Aerodynamic phenomena are traditionally studied in a variety of ways: full-scale measurements, model-scale testing and Computational Fluid Dynamics (CFD) simulations. The University of Birmingham's train aerodynamics research group has expertise in the above methods and have used their facilities to conduct a variety of research and commercial projects.
Full-scale measurements of train aerodynamic phenomena provide the ultimate validation of results obtained from both model-scale tests and CFD simulations. Full-scale measurements are often carried out on in-service trains during normal scheduled operation. This imposes restrictions on the experimental setup to ensure that the instrumentation does not interfere with the scheduled services. The train aerodynamics research group at Birmingham has unique expertise gained from several full-scale measurement campaigns in the UK as well as in Europe.
Full-scale measurement campaigns conducted by the group typically use conventional instruments such as ultrasonic anemometers and Pitot probes. Ultrasonic anemometers are capable of accurately resolving all three components of air speed with a sampling rate in the order of 50 Hz. These devices are particularly suited to the measurement of train slipstreams, and arrays of these devices may be used simultaneously. Pitot probes on the other hand only allow a single velocity component to be measured. Nevertheless these instruments are particularly useful as their small size allows them to be used for measurement of a number of phenomena, including train slipstreams and underbody flows. Rakes of Pitot probes allow spatially-resolved measurements to be made which in turn reveal important information about the turbulent properties of the flow and the state of the boundary layer beneath and around the train.
The UoB wind tunnel is a 10m long, 2m by 2m square cross-section boundary layer wind tunnel. This tunnel is able to simulate the velocity and turbulence profiles seen in the atmospheric boundary layer at a scale of approximately 1:300, with maximum wind-speeds of approximately 10m/s (22mph). It is suitable for the testing of wind loading on vehicles and buildings due to the large-scale (synoptic) winds which occur on a daily basis.
Instrumentation of the tunnel is provided by Cobra probes, which can be used to measure 3-D velocities at a rate of 2kHz, and a 500Hz digital pressure measurement system (DPMS). The DPMS may be used to measure ground plane pressures or the pressure field over building or vehicle models, allowing detailed investigations of the forces they experience. Force balance equipment is also available to measure total loads. Smoke generation and high-speed (slow-motion) video systems are also available for visualisation work.
Moving-model test rig
The TRansient Aerodynamic INvestigation (TRAIN) rig is a purpose built testing facility for examining the transient aerodynamics of moving vehicles. It has mainly been used for railway aerodynamics research, but has the potential to be used for a wide variety of aerodynamic investigations. The TRAIN Rig consists of three 150 m long tracks along which reduced scale vehicles can be propelled at speeds up to 75 m/s. Once in motion, the model is free from any propulsion devices, allowing free motion with minimal constraints on model design.

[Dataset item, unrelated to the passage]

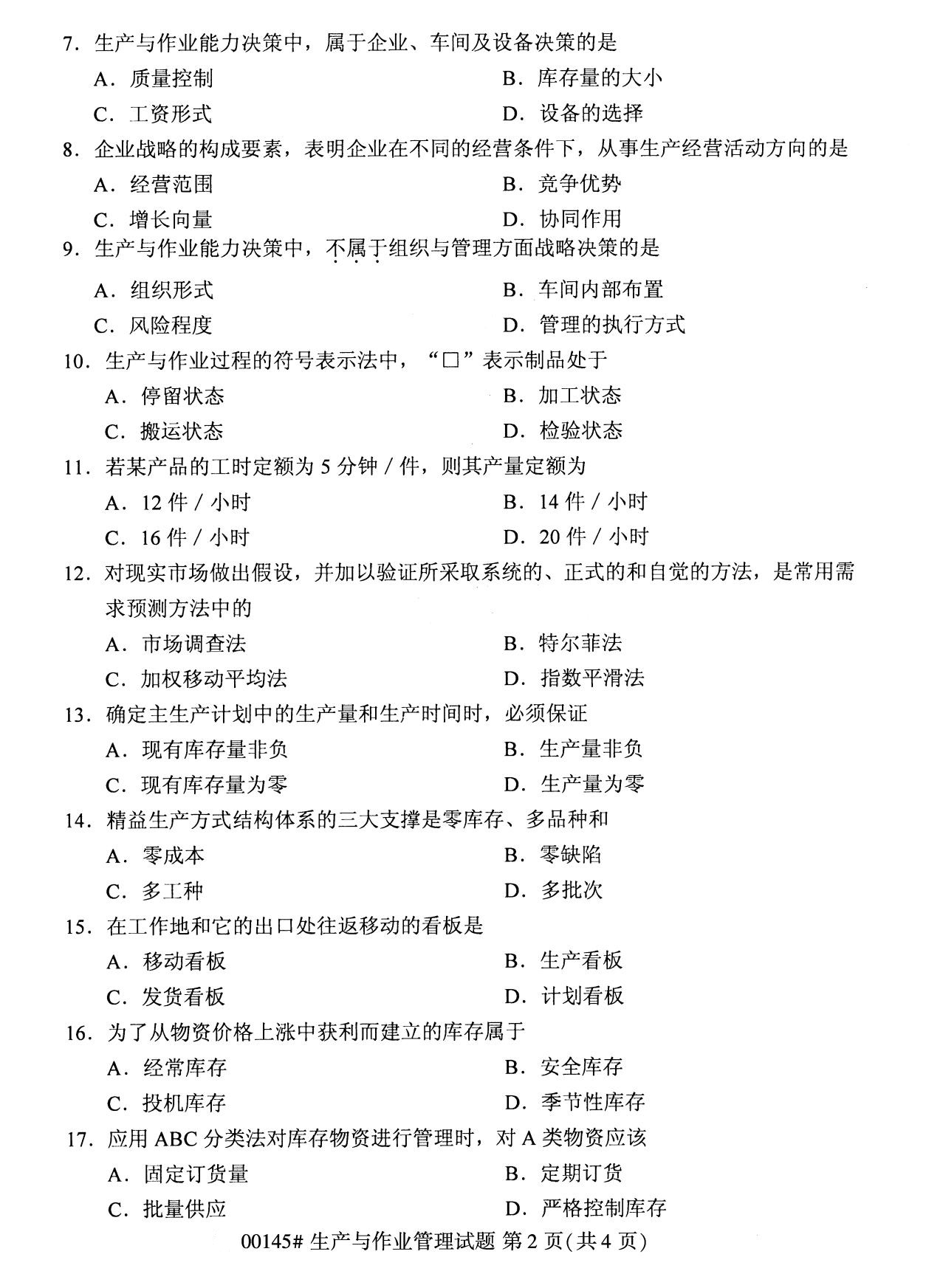 全國2020年8月高等教育自學考試00145生產與作業管理試題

The TRAIN Rig offers the possibility to measure slipstream velocities, static pressure pulses and pressures acting on the train or trackside structures in a 15 m long open-air test section. The effects of crosswinds at various yaw angles and ground simulations can also be modelled using a purpose built 6.35 m long crosswind generator. Tunnels of various lengths and blockage ratios can also be installed for the measurement of vehicle aerodynamics in tunnel confines, as well as testing the influence of tunnel portals on micro-pressure waves.
The advantage of using a moving model rig over a typical stationary wind tunnel is the ability to correctly simulate relative motion between the vehicle and the ground/structures or crosswind simulation. Similarly, the moving model rig allows for accurate development of tunnel micro-pressure waves relative to a moving train.
The TRAIN Rig is used for both academic research projects as well providing consultancy services for industrial clients.
The train aerodynamics research group uses the University’s HPC facility, BlueBEAR, for conducting computational fluid dynamics CFD calculations. On BlueBEAR, the group has exclusive access to 14 dual-processor 8-core (16 cores/node) worker nodes with 32 GB of memory giving a total of 224 cores and a theoretical peak performance of 3.9 TFlop/s. As well as compute nodes, the group also uses two worker nodes with 256 GB of memory which are used for meshing and batch visualisation.
With access to relatively large amounts of computing power the group can run high-fidelity simulations, such as Large Eddy Simulations (LES), which are ‘out of reach’ of many companies and academic research groups. LES-based methods allow for the collection of high-resolution temporal and spatial data but this comes at a much higher cost than commonly-used Reynolds-Averaged Navier-Stokes (RANS) methods.
The computational facilities have been used by the group to conduct several academic projects as well as consulting for numerous industrial clients.